There are still obligations which won’t change. E.g. tax/GST/PAYG obligations, the directors still have fiduciary obligations and directors duties that they owe to the company and shareholders, however should the company become insolvent and need to shut down either by voluntary administration or by appointed liquidation by creditors, then the personal assets of the business owners are at far reduced risk ordinarily.
Unlike a sole trader, where the owner in legal reality IS the business. i.e. if the business was to be successfully sued, then the personal assets of the business owner/s would be at serious risk of attack. Even if you don’t have substantial assets, the prospect of bankruptcy for anyone is a very serious and scary scenario.
It’s really strange, but banks seem more likely to lend money or credit to companies.
Many sole traders can’t even get a $2,000 increase on their personal credit cards. However, when they have incorporated and asked for a business credit card, the bank throws a $20,000 – $50,000 credit card at them. Go figure!
Obtaining bank loans for the business also appears to be easier when you’re a company.
After incorporating, other businesses (including clients/customers) start to take your business more seriously.
They see you as more stable, permanent and evidence of your commitment to the business.
In fact, some businesses just simply won’t do business at all with sole traders (they just won’t tell you). Or they’ll award the contract to the one that’s a company and not a sole trader.
A company will continue to exist regardless of what happens to the individual directors, officers, managers or shareholders. Good for succession planning as well.
It’s also easier to obtain investment when there’s a company already set up ready for shares to be issued to the investor. It’s also a bit easier to sell, especially if the new owner doesn’t want to be put to the cost of having to transfer everything over to a company, move all the contracts, insurances, trade marks, subscriptions etc. They’d prefer to have that done before they buy. It makes sense.
A final thought is that some government grants are only eligible to those businesses that are incorporated. For instance, the Research & Development Tax Incentive may not be available to sole traders.
A company is taxed on its profits. Those taxable profits can be reduced by legitimate business expenses, including operating expenses, marketing and advertising, travel and entertainment, employee salaries, health benefits, pension contributions etc.
As described on this page, there are a number of great reasons why you should move business structure to a separate legal entity, however the main thrust from a legal perspective is that it separates you as the business owner from the business.

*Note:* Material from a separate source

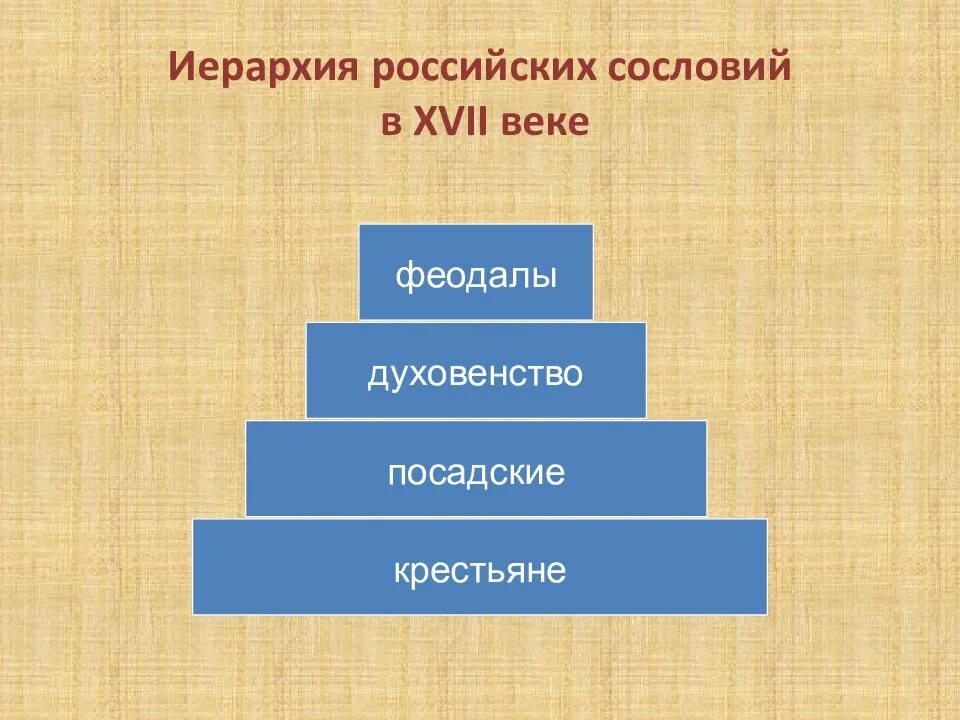 Сословия в России в 17 веке духовенство. Схему сословий в XVII веке в России. Иерархическая лестница сословий 17 века в России. Лестница сословий в России 16 век. Первое сословие феодалы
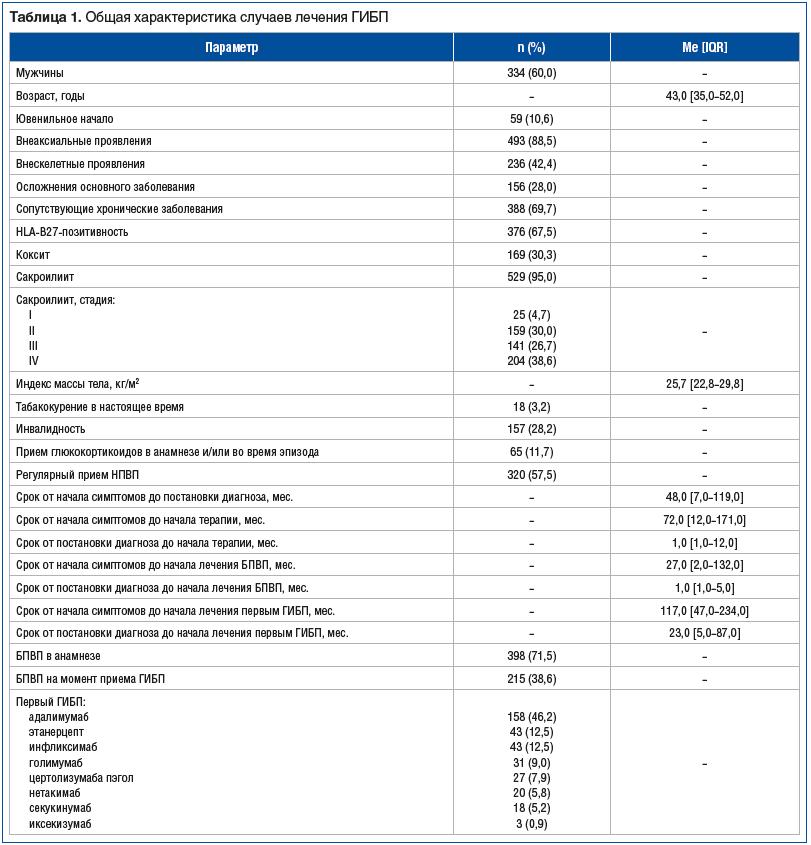 Таблица 1. Общая характеристика случаев лечения ГИБП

Legally, if you’re a sole trader, you are the business, the business is you. So, from a legal perspective if the business was to be sued at any stage, it would be Them v You (trading as your business ABN 123456).
If you set up a company, then you as the owner, even if you own all the shares and are the sole director and secretary, are generally only liable for the unpaid value of your shares.
You still have many duties as a director (these are called fiduciary duties) which you need to be conscious of and compliant with at all times e.g. your duty to trade solvent, and your duty to act in the best interests of the company at all times and many more.
However, the costs of set-up and maintaining in our view are vastly outweighed by the legal protection a separate entity provides (generally).
You might also consider a good time to “roll over” to a Pty Ltd could be 30 June / 1 July. That is the sole trader finishes on 30 June and the company begins 1 July. There will always naturally be a slight amount of overlap between the two, but that is minimised around this time instead of having to incorporate “mid-financial year” or “mid-cycle”.
Make sure you get advice from both your accountant and lawyer. It’s even better if they can see eye-to-eye as well and get along. It’s really beneficial to the business if you have a lawyer and accountant that agree.
It’s not as expensive as it once was to incorporate to a Pty Ltd company, and in our view, if you’re going to become a company at some stage, you’re better off doing it sooner rather than later.
For around $900, you can have the business incorporated with an Australian Company Number (ACN), Australian Business Number (ABN), Tax File Number (TFN), and registered for Goods and Services Tax (GST). It’s a no-brainer if you’re planning on doing it anyway.
There are costs involved in setting up a corporate structure and ongoing compliance in terms of annual reports etc. But those costs have come down in the last decade and your accountant can assist you to register the company, obtain an ACN, ABN, TFN and GST registration.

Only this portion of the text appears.